Monday, April 16, 2012

#88 Herb Score and #345 Gil McDougald





This is the first time I have 'double dipped' and done one entry on two cards. But it's hard to separate Herb Score and Gil McDougald. The two are forever joined by what happened on May 7, 1957 in a game between Score's Indians and McDougald's Yankees in Cleveland.

At the point in time Herb Score was a hard throwing (seriously hard throwing) lefthander coming off a very impressive two season debut. Signed out of Florida in 1952 by the same scout who signed Bob Feller, Score made his mark in 1954 with the Indians' Indianapolis AAA club by striking out 330 in 251 innings. In 1955 Score broke in to the Indians rotation with a 16 win season in which he led the league in strikeouts and k's per 9 and topped it off with the Rookie of the Year trophy. He came back in '56 and was even better. He was named to the AL All Star squad again and went on to win 20 games and again led the league in whiffs. 

The Red Sox reportedly had offered the Indians a million dollars for Score prior to the '57 season and were turned down by Cleveland’s general manager, Hank Greenberg, saying Score “may become the greatest pitcher in the game’s history.” Mickey Mantle and Yogi Berra, among others, praised Score through the years as being one of the toughest pitchers they ever faced. Herb Score was, in May of 1957, a phenomenon.

Gil McDougald was signed by the Yankees out of the University of San Francisco in 1948 and, after three successful minor league seasons (he hit over .330 each year) broke in with the big league club in 1951 and went on to play as a steady if not spectacular infielder for the entire decade through the 1960 season. 
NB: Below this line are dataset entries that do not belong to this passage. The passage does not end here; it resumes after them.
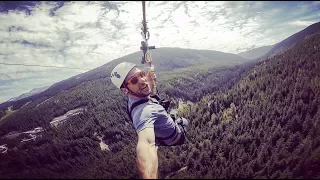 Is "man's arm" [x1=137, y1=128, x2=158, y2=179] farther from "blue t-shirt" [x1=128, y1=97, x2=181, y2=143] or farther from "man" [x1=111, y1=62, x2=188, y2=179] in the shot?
"blue t-shirt" [x1=128, y1=97, x2=181, y2=143]

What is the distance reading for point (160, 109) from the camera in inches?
137

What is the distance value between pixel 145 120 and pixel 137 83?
1.23 m

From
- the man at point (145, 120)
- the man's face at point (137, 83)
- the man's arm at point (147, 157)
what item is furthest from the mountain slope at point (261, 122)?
the man's arm at point (147, 157)

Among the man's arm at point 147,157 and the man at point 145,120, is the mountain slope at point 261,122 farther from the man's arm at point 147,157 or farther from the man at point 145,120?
the man's arm at point 147,157

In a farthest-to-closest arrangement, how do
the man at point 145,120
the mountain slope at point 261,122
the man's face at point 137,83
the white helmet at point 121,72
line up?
1. the mountain slope at point 261,122
2. the white helmet at point 121,72
3. the man's face at point 137,83
4. the man at point 145,120

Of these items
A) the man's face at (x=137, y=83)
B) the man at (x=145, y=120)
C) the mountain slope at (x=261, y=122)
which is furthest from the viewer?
the mountain slope at (x=261, y=122)

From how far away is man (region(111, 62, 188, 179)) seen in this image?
2.31 m

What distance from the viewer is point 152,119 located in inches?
120

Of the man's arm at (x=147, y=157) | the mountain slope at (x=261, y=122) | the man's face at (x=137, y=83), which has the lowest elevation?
the mountain slope at (x=261, y=122)

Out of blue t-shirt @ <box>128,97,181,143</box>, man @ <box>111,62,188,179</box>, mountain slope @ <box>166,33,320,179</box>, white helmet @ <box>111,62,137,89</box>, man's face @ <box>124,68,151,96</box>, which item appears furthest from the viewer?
mountain slope @ <box>166,33,320,179</box>

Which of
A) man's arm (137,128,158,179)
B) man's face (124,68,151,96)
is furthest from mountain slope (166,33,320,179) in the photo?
man's arm (137,128,158,179)

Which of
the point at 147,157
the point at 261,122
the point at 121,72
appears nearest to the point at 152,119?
the point at 147,157

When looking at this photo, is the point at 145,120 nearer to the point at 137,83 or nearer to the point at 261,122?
the point at 137,83

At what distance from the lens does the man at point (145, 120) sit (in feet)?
7.57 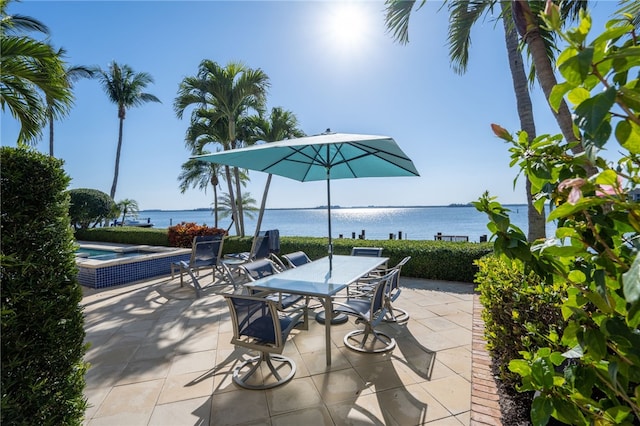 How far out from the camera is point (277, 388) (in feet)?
8.65

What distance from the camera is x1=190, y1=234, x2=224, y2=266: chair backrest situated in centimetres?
617

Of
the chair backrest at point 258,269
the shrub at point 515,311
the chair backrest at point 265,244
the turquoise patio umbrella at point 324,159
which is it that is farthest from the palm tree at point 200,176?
the shrub at point 515,311

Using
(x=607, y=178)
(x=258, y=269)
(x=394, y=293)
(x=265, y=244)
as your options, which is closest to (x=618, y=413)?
(x=607, y=178)

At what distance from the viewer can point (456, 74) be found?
6359mm

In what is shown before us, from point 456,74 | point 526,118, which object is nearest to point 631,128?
point 526,118

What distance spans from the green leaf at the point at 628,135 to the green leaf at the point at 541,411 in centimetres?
75

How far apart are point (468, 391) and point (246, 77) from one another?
1086cm

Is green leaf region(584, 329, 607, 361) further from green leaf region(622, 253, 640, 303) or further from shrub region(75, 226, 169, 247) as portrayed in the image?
shrub region(75, 226, 169, 247)

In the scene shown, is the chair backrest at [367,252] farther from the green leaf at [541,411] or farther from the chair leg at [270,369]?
the green leaf at [541,411]

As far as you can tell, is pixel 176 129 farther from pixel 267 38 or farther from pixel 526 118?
pixel 526 118

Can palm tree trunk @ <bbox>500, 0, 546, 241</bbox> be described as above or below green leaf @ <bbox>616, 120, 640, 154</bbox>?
above

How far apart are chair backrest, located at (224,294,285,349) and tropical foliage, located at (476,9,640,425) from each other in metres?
2.00

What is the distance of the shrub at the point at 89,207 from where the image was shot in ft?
46.6

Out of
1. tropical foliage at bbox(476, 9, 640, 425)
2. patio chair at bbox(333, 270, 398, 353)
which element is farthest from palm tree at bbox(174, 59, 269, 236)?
tropical foliage at bbox(476, 9, 640, 425) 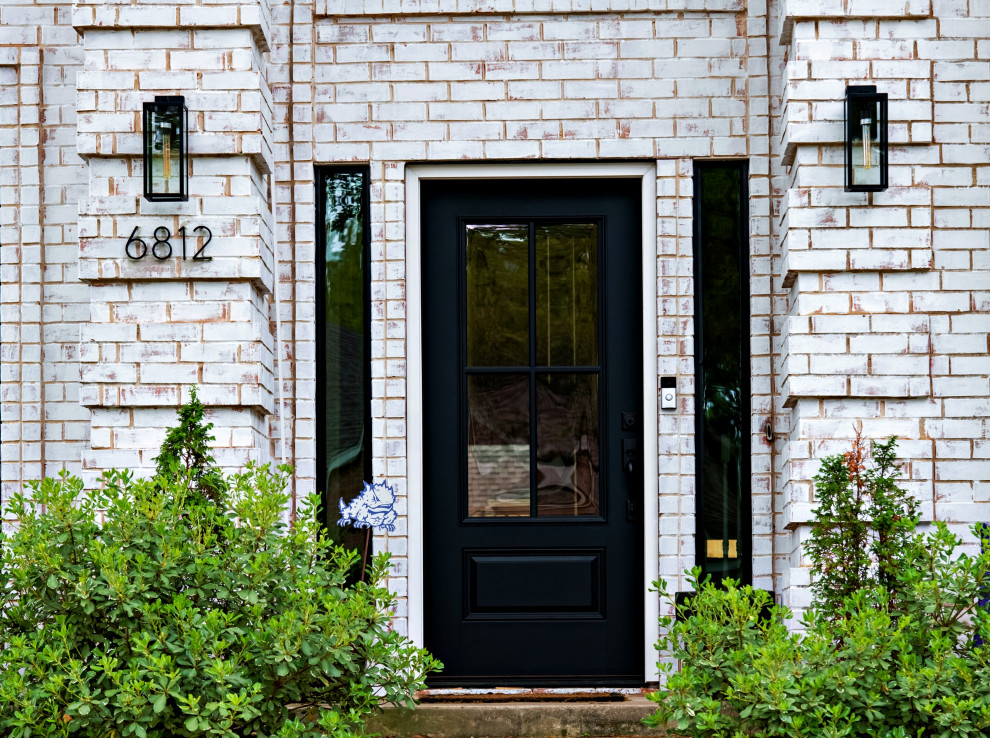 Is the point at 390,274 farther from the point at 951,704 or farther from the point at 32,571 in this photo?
the point at 951,704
Like Score, McDougald had a Rookie of the Year trophy and All Star credentials. He finished as high as fifth in the MVP voting in 1957. He was an excellent fielder wherever the Yanks used him around the infield. He spent seasons as their regular third baseman, shortstop and second baseman.

In that May 7 game in 1957 facing Score, McDougald was the game's second batter and he stroked a liner that hit the pitcher in the face breaking numerous bones. While Score was treated and carried off the field McDougald reportedly had to be talked into remaining in the game by Yankee manager Casey Stengel. The shaken McDougald vowed to quit if Score was blinded.
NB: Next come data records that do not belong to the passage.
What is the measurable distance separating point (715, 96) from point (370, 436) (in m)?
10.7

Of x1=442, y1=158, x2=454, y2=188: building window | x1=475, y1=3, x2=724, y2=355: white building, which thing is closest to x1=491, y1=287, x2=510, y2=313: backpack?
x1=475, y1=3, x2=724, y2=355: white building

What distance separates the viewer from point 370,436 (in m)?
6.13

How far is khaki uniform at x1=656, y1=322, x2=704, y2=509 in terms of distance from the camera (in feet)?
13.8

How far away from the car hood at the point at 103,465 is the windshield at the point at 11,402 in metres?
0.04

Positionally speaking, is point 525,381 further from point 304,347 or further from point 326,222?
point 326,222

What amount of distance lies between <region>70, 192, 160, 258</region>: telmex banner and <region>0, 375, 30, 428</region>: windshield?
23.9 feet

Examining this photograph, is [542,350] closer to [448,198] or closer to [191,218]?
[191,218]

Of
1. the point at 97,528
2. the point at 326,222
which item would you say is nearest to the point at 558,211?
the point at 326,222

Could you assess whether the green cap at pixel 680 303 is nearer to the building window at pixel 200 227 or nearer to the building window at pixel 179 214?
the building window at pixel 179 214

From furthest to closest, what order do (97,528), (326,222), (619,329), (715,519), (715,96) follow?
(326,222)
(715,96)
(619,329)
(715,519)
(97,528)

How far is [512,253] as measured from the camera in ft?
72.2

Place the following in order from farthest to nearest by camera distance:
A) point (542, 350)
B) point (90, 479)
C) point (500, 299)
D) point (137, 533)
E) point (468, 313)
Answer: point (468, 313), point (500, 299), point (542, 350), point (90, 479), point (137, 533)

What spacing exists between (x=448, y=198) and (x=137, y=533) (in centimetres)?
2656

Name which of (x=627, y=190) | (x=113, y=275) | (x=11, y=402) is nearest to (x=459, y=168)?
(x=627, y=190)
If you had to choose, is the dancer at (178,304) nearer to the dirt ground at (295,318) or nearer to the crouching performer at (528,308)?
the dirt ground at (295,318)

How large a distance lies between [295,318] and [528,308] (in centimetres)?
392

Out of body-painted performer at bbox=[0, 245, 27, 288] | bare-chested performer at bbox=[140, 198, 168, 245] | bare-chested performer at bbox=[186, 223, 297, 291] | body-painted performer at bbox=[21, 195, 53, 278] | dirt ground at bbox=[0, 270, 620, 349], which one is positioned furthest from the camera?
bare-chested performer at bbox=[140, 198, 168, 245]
Score overcame his injuries, regained 20/20 vision and returned to baseball during the 1958 season but hurt his arm while changing his pitching motion and never regained the form that had led Bob Feller to compare him favorably with another 1955 rookie, Sandy Koufax. He was traded to the White Sox in April of 1960 and spent three seasons splitting time between them and their farm team. He continued in the game as a long time broadcaster for the Indians.

McDougald, by some accounts, never was the same aggressive player he had been prior to the Score incident and he retired after the 1960 season. 
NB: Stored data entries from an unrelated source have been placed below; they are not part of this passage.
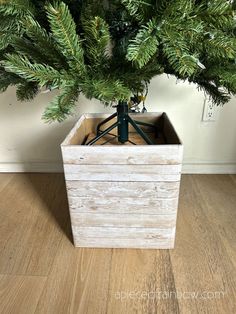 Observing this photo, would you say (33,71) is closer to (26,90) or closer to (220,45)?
(26,90)

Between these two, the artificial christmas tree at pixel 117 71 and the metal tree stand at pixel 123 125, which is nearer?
the artificial christmas tree at pixel 117 71

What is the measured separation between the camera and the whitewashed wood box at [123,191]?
56cm

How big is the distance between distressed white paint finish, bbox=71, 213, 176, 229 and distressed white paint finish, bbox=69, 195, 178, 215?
0.4 inches

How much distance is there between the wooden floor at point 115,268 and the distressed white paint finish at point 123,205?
5.0 inches

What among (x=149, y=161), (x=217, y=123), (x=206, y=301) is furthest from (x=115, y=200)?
(x=217, y=123)

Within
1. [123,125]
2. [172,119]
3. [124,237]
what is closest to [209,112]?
[172,119]

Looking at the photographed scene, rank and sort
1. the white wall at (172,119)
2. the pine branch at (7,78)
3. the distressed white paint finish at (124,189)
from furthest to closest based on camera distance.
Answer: the white wall at (172,119), the distressed white paint finish at (124,189), the pine branch at (7,78)

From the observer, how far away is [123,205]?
627 millimetres

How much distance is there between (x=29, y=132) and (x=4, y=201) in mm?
295

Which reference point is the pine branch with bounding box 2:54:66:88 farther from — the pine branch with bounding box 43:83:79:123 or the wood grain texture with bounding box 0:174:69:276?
the wood grain texture with bounding box 0:174:69:276

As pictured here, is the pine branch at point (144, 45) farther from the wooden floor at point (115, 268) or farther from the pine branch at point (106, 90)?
the wooden floor at point (115, 268)

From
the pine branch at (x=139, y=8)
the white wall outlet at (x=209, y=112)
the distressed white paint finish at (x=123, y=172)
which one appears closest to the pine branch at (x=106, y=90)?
the pine branch at (x=139, y=8)

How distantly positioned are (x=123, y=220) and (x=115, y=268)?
0.39ft

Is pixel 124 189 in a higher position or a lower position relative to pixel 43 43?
lower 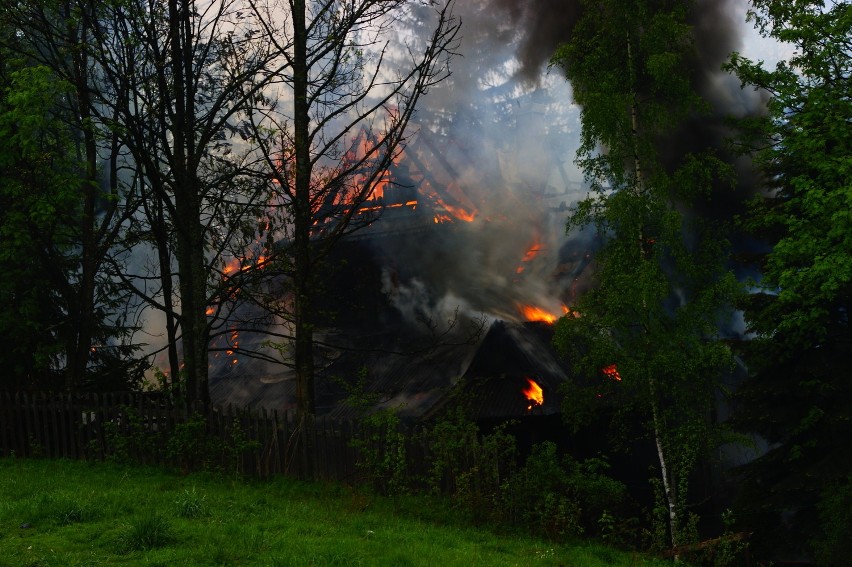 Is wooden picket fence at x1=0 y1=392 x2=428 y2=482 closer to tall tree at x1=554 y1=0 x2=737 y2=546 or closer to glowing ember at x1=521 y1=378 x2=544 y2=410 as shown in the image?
tall tree at x1=554 y1=0 x2=737 y2=546

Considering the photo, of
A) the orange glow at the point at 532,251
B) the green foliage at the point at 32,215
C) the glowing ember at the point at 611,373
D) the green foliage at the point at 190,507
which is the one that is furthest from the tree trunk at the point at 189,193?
the orange glow at the point at 532,251

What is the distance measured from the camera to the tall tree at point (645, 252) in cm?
1502

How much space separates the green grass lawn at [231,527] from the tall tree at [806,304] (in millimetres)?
6940

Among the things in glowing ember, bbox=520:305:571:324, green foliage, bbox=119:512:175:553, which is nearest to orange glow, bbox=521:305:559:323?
glowing ember, bbox=520:305:571:324

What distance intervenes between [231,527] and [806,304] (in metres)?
11.6

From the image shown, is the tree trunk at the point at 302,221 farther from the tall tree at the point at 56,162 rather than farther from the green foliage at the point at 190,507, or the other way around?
the green foliage at the point at 190,507

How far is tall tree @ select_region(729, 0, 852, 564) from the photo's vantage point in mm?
14992

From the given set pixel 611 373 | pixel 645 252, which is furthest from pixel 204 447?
pixel 645 252

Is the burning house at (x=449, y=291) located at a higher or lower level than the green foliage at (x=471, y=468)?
higher

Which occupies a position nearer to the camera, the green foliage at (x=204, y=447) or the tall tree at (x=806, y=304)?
the green foliage at (x=204, y=447)

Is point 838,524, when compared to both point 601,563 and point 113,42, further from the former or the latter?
point 113,42

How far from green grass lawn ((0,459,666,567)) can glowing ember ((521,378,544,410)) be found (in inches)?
385

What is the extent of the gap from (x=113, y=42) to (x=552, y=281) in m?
19.4

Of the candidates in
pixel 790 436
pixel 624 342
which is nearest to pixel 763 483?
pixel 790 436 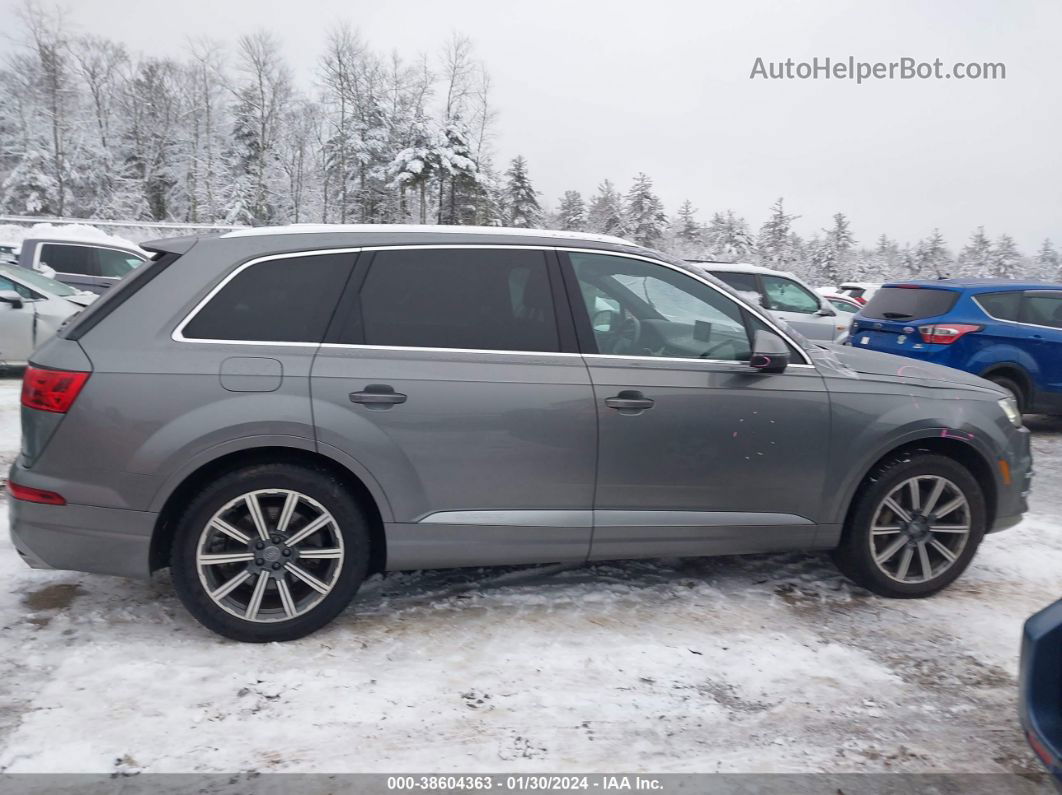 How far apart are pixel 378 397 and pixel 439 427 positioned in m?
0.30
There is much more to read about these two stars of the 50's whose lives became intertwined that May day in Cleveland. A good Hall of Fame website article on Score can be found here.

The obits for Score who died in 2008, and McDougald, who died in 2010, add details about both players. This article on a Yankee fan site has quite a bit about McDougald and his reasons for retiring. 

The Herb Score card shows off his youthful appearance as well as my favorite Indians style uni. The Yankee Stadium facade gets one of it's better treatments in the background as well. My copy is miscut but has sharp corners. Pretty nice. 

My McDougald, though, is a candidate for upgrading. Soft corners and scuffing will do that. I noticed as I was checking the card back that it lists his home as Nutley, New Jersey. I pretty much grew up there, having lived in that great little Essex County town from second through ninth grade (Martha Stewart's mom was my 6th grade teacher). McDougald was living in Wall Township when he passed away. That's very close to where I spent my last two years of high school. Not that that all means anything.